▶ **GIVEN INFORMATION**:
================================
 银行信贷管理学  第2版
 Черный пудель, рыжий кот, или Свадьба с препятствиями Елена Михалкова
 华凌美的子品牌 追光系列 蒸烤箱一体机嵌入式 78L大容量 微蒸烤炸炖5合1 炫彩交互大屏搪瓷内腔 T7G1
================================
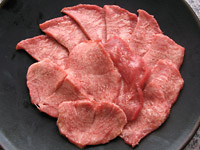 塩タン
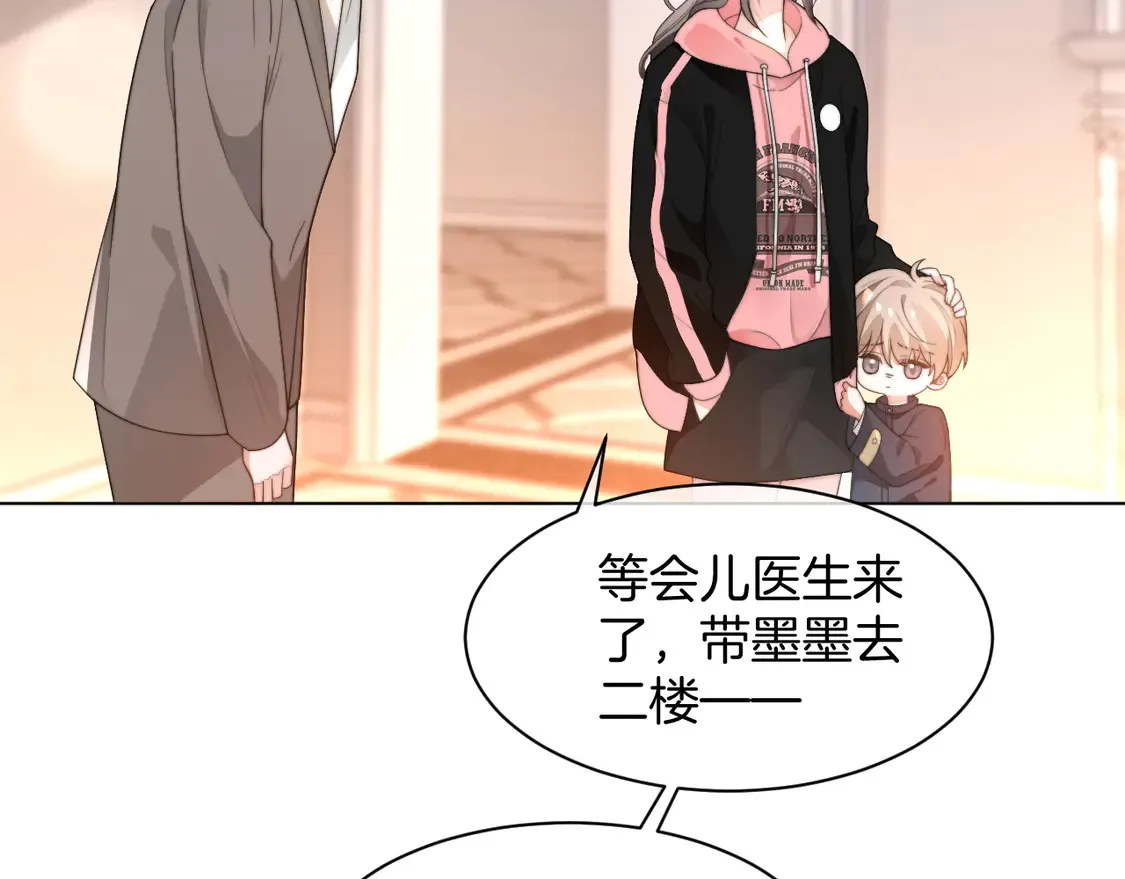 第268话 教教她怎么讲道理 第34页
================================
▶ **PROBLEM TO WORK ON**:
Output exactly one stretch of the listing: from the line containing "Черный пудель, рыжий" through the line containing "华凌美的子品牌 追光系列 蒸烤箱一体机嵌入式", both end lines included.

▶ **ANSWER TO THE EXERCISE**:
 Черный пудель, рыжий кот, или Свадьба с препятствиями Елена Михалкова
 华凌美的子品牌 追光系列 蒸烤箱一体机嵌入式 78L大容量 微蒸烤炸炖5合1 炫彩交互大屏搪瓷内腔 T7G1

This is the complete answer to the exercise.